» **Data shown**
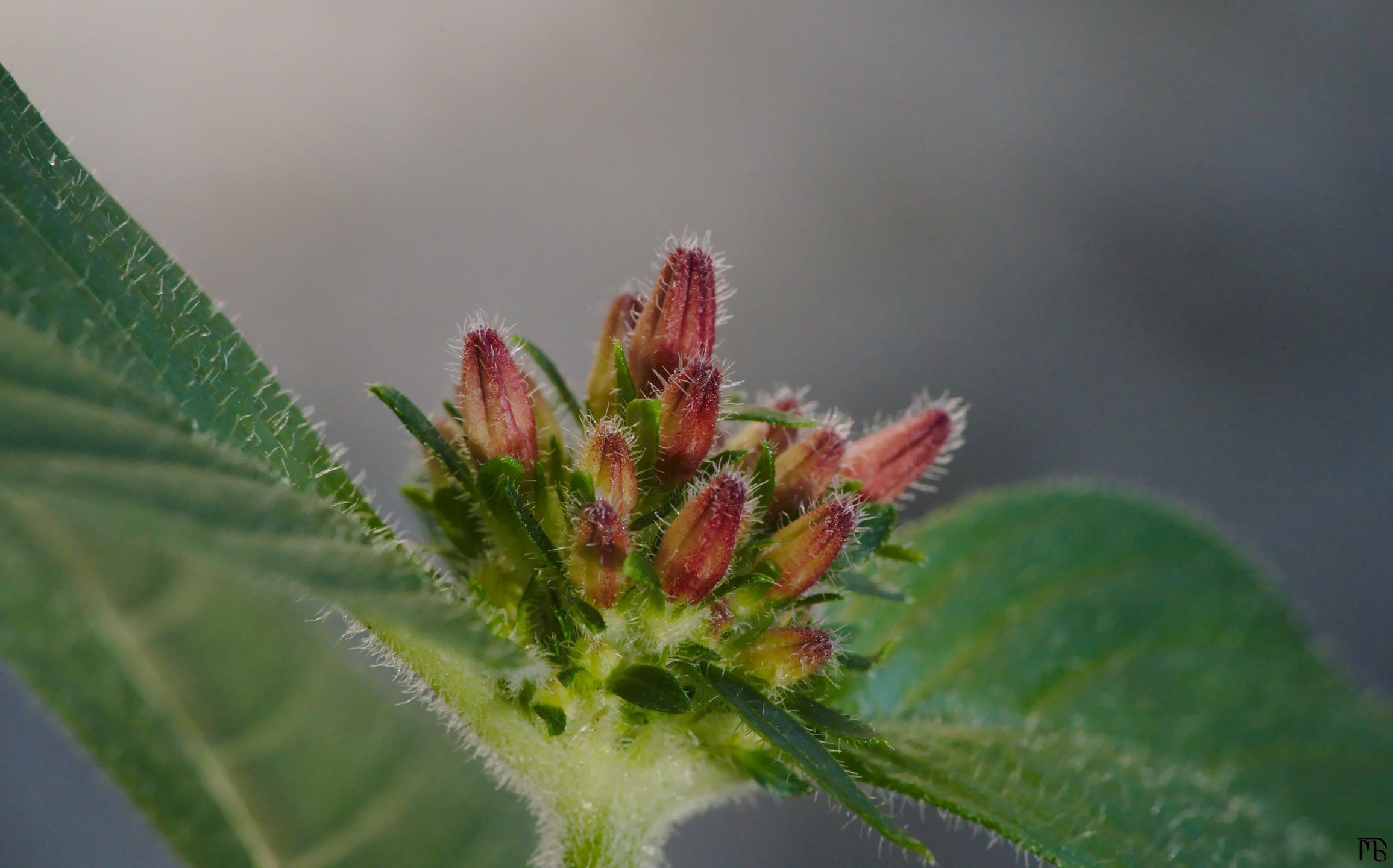 Flower buds on plant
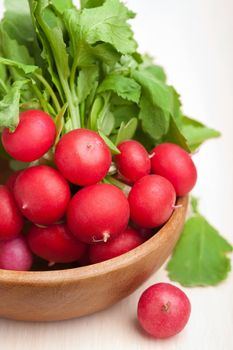 fresh radish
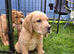 READY TO GO! Labrador KC Reg Puppies.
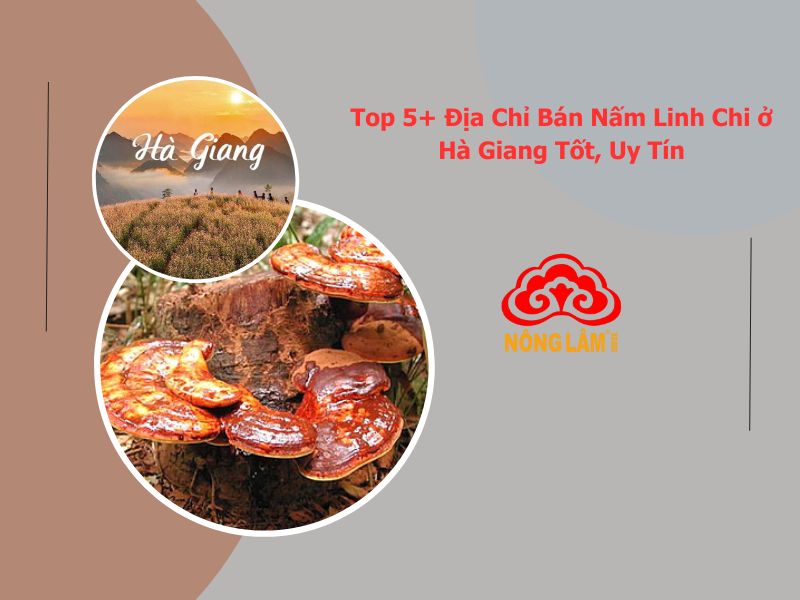 mua nấm linh chi tại hà giang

» **Requirement**
Each line from the one containing "fresh radish" through the final line of the data must be reproduced exactly, both ends included, with no pictures in the copy.

» **Solved exercise**
 fresh radish
 READY TO GO! Labrador KC Reg Puppies.
 mua nấm linh chi tại hà giang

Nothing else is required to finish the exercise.